Crawled caption data:
▼
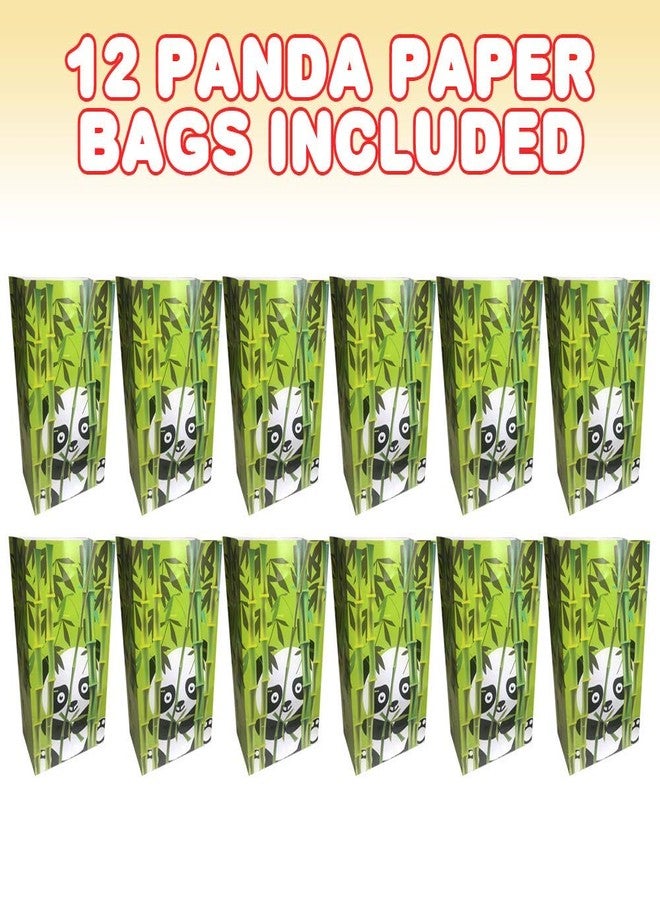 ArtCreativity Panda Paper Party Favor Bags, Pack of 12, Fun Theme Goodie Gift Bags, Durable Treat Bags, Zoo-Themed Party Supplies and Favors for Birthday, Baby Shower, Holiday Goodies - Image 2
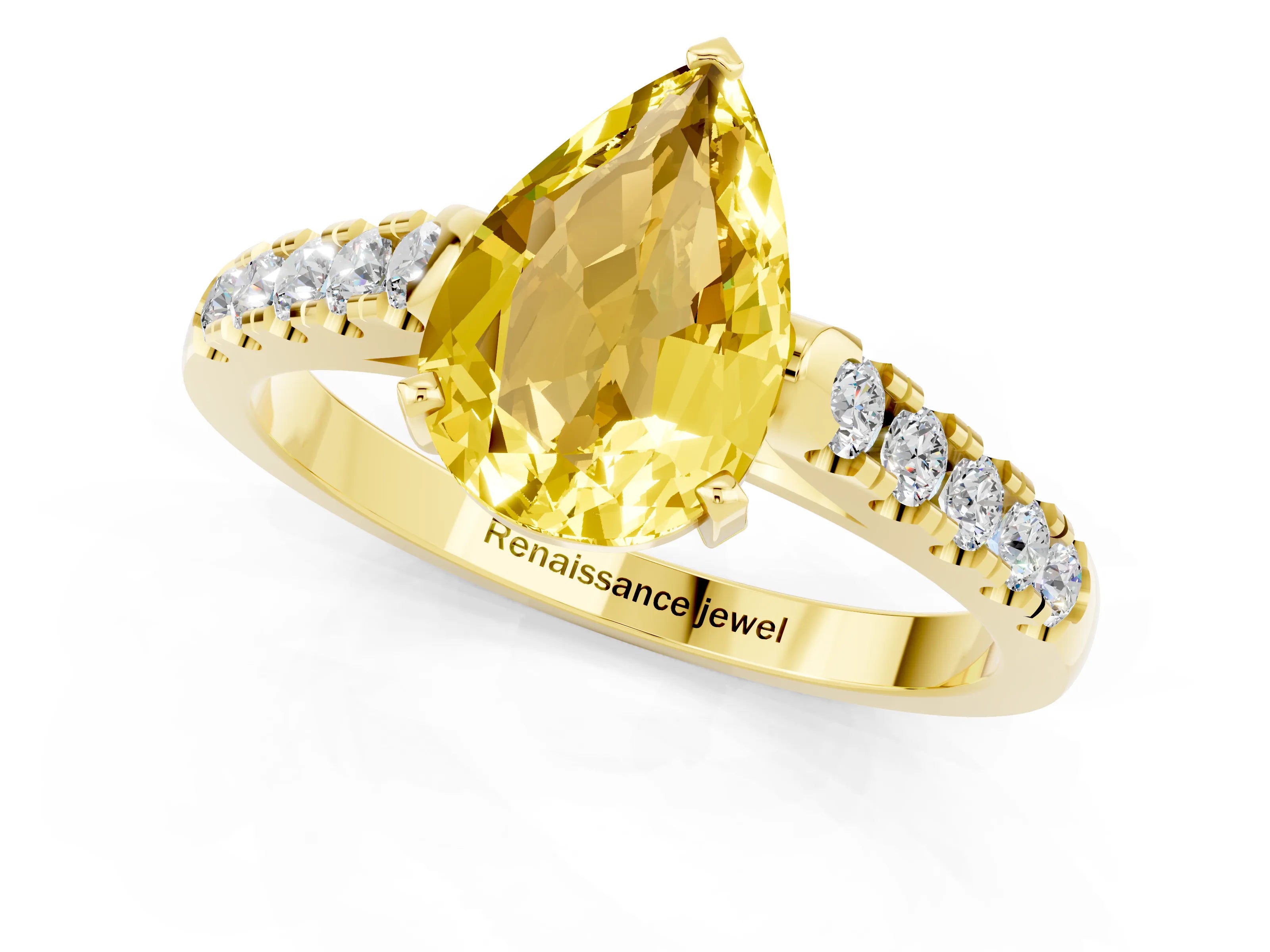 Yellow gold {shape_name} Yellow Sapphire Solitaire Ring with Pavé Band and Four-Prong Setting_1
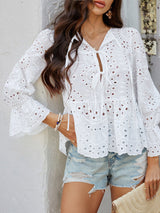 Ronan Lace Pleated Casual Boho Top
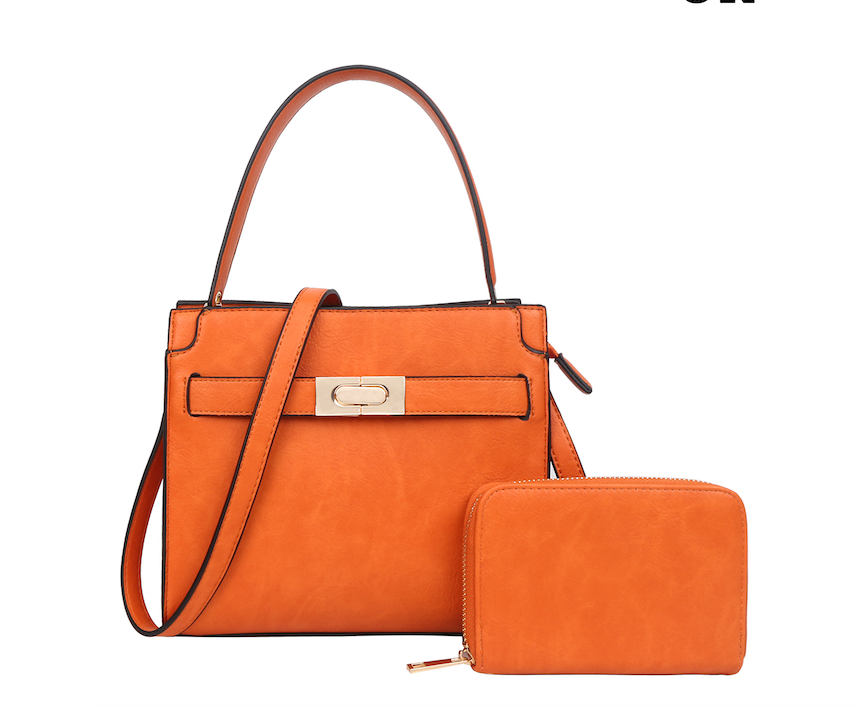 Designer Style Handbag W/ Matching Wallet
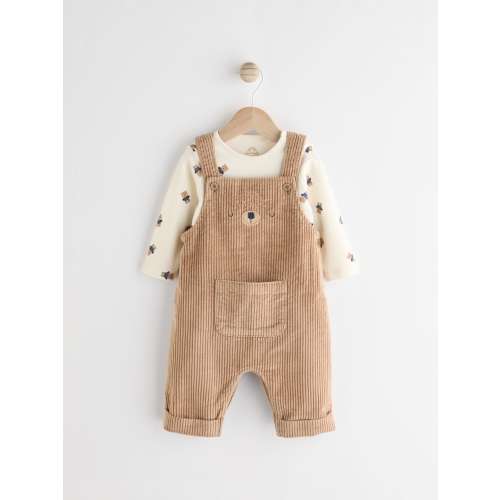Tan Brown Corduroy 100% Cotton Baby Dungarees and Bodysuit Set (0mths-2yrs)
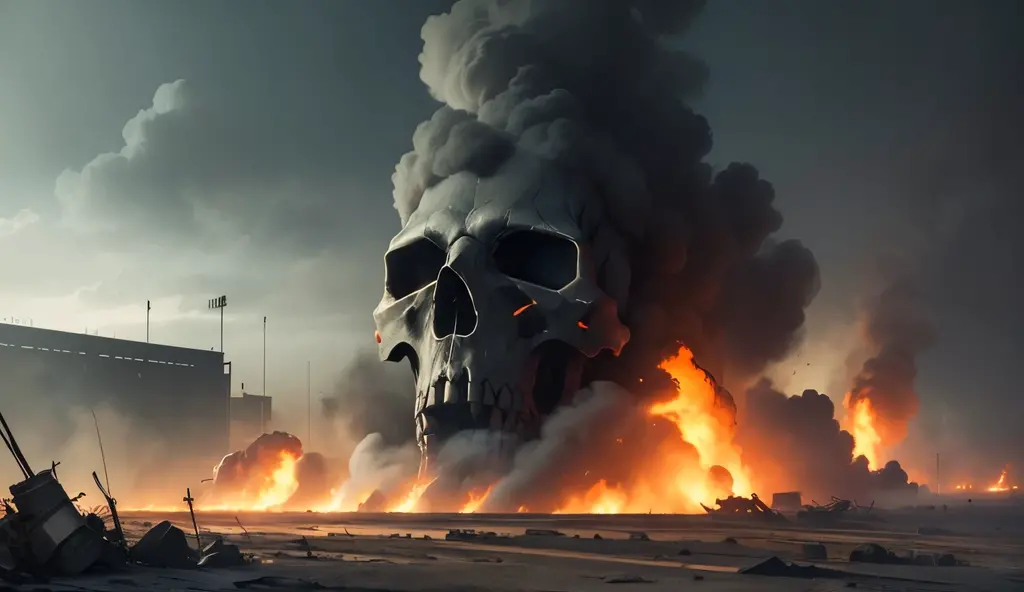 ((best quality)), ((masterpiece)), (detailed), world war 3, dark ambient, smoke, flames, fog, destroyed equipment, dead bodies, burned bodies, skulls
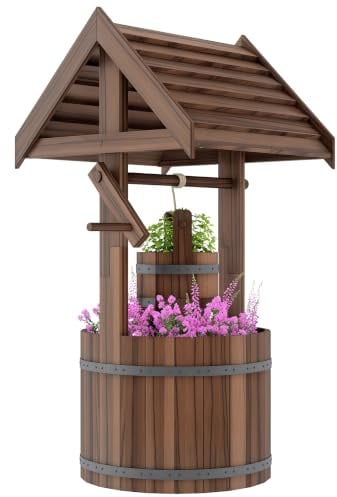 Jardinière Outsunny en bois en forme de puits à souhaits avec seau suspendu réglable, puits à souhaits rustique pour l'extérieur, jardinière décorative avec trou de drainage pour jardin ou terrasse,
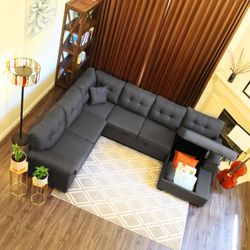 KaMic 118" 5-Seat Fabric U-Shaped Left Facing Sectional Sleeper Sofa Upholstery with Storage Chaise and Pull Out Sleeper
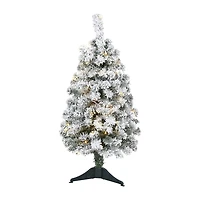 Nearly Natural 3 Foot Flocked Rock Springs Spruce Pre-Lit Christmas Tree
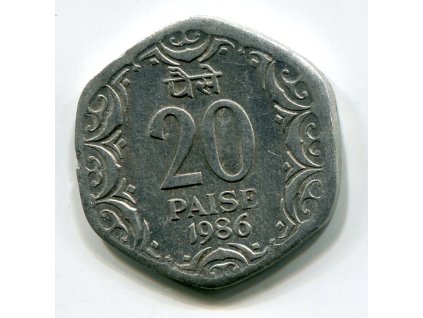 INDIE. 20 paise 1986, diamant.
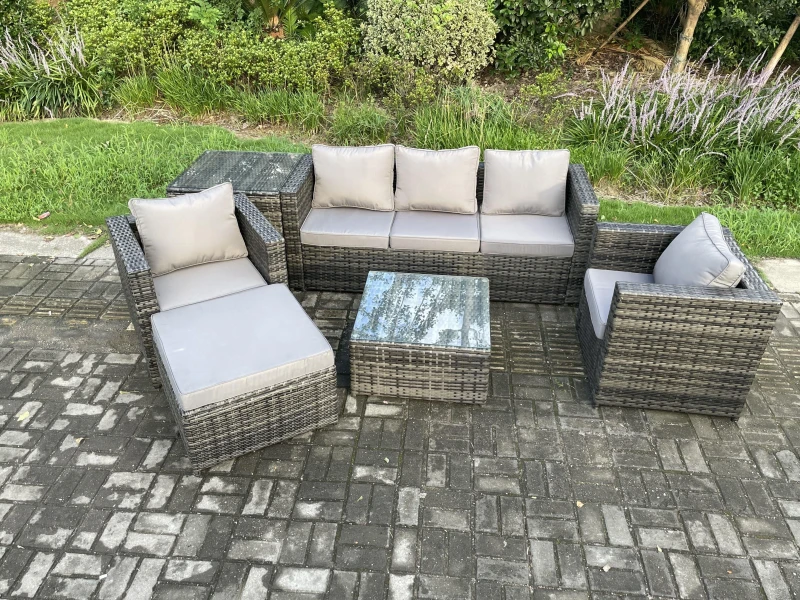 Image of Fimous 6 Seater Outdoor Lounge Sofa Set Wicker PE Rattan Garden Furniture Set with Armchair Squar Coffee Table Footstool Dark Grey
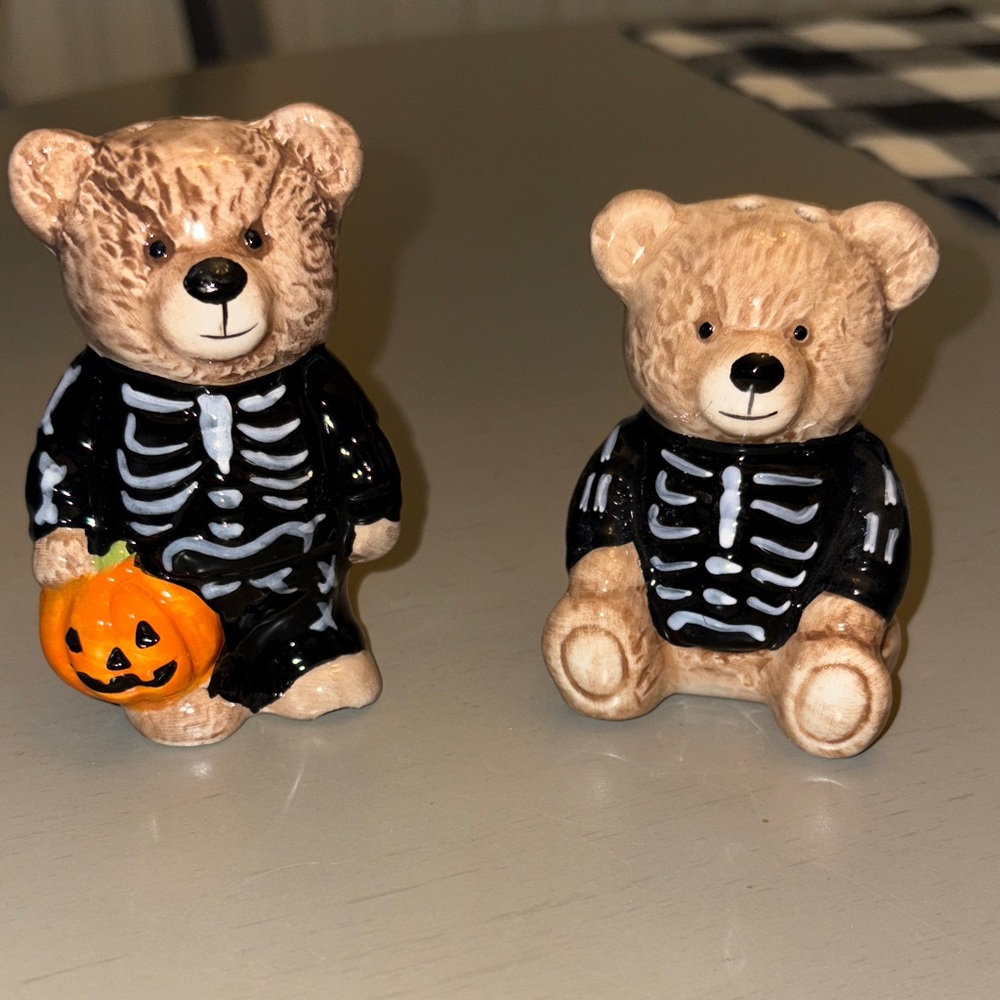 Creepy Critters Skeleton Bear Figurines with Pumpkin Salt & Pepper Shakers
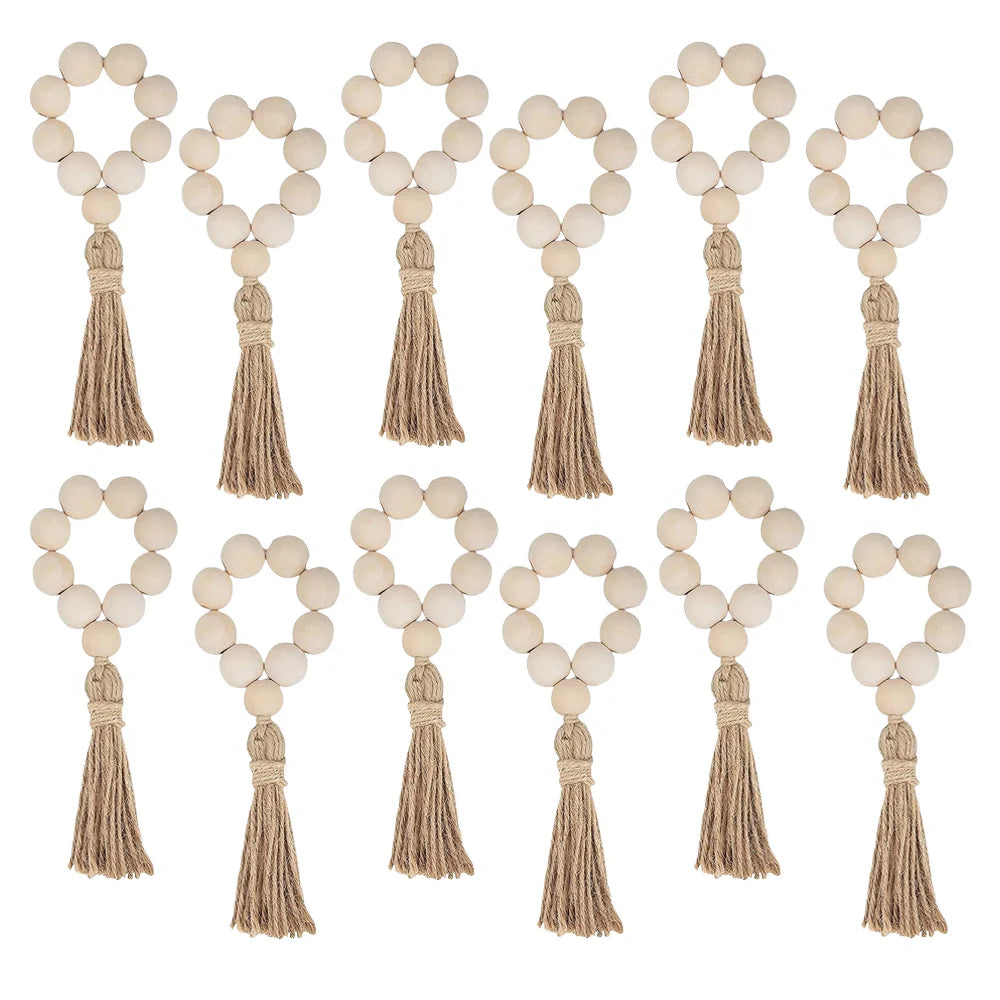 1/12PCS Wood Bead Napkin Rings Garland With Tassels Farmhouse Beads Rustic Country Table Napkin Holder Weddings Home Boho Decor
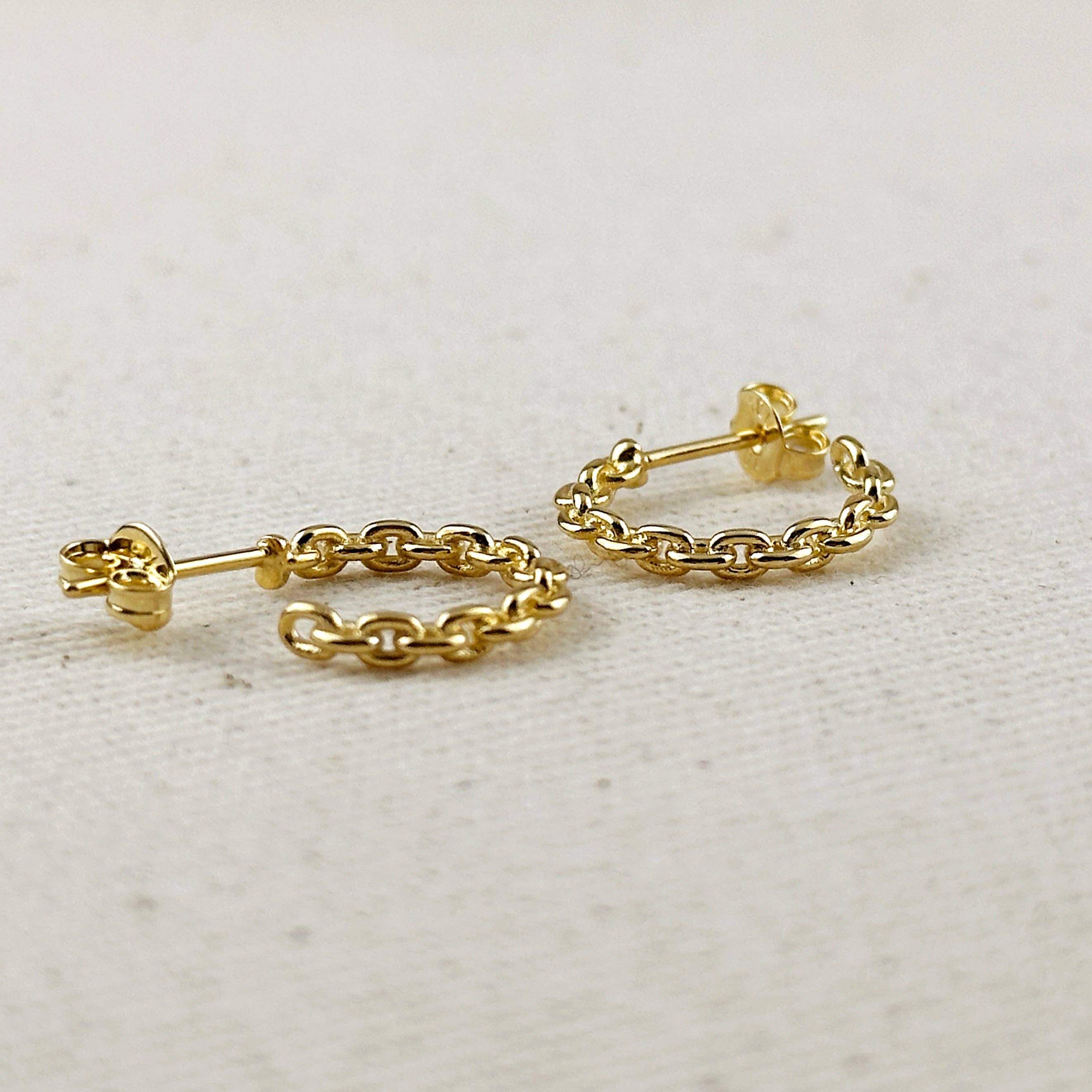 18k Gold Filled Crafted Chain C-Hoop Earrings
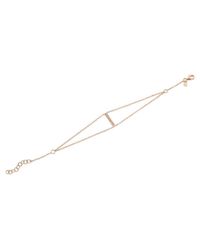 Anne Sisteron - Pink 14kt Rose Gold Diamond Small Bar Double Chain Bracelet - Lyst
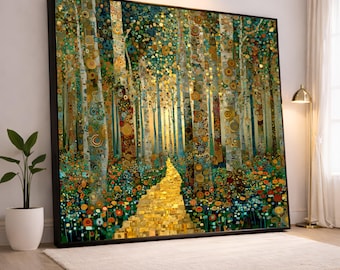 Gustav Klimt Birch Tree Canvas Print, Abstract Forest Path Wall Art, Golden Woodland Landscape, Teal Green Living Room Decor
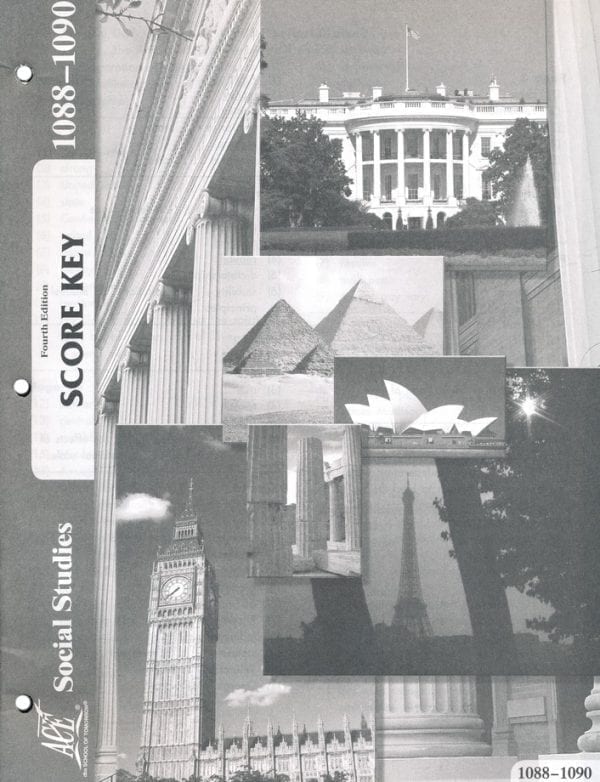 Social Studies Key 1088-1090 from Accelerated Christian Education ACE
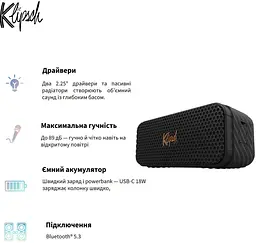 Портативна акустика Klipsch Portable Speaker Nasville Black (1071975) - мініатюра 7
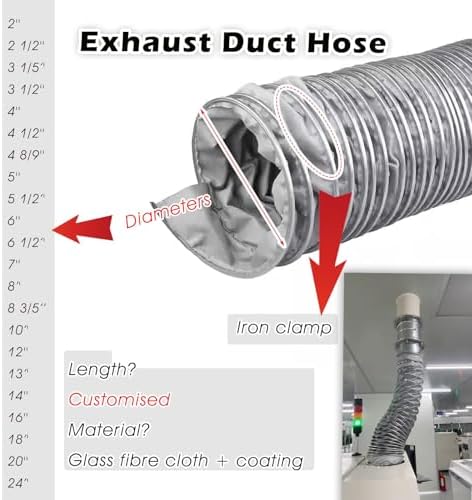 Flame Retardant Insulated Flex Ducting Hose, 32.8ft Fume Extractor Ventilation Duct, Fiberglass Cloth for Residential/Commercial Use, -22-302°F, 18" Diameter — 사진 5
▲
* _What you have to do_: An exact copy of the lines from the one with "Nearly Natural 3" through the end of the entries above, both included, is the whole answer. It contains no pictures.

* _Solved exercise_:
 Nearly Natural 3 Foot Flocked Rock Springs Spruce Pre-Lit Christmas Tree
 INDIE. 20 paise 1986, diamant.
 Image of Fimous 6 Seater Outdoor Lounge Sofa Set Wicker PE Rattan Garden Furniture Set with Armchair Squar Coffee Table Footstool Dark Grey
 Creepy Critters Skeleton Bear Figurines with Pumpkin Salt & Pepper Shakers
 1/12PCS Wood Bead Napkin Rings Garland With Tassels Farmhouse Beads Rustic Country Table Napkin Holder Weddings Home Boho Decor
 18k Gold Filled Crafted Chain C-Hoop Earrings
 Anne Sisteron - Pink 14kt Rose Gold Diamond Small Bar Double Chain Bracelet - Lyst
 Gustav Klimt Birch Tree Canvas Print, Abstract Forest Path Wall Art, Golden Woodland Landscape, Teal Green Living Room Decor
 Social Studies Key 1088-1090 from Accelerated Christian Education ACE
 Портативна акустика Klipsch Portable Speaker Nasville Black (1071975) - мініатюра 7
 Flame Retardant Insulated Flex Ducting Hose, 32.8ft Fume Extractor Ventilation Duct, Fiberglass Cloth for Residential/Commercial Use, -22-302°F, 18" Diameter — 사진 5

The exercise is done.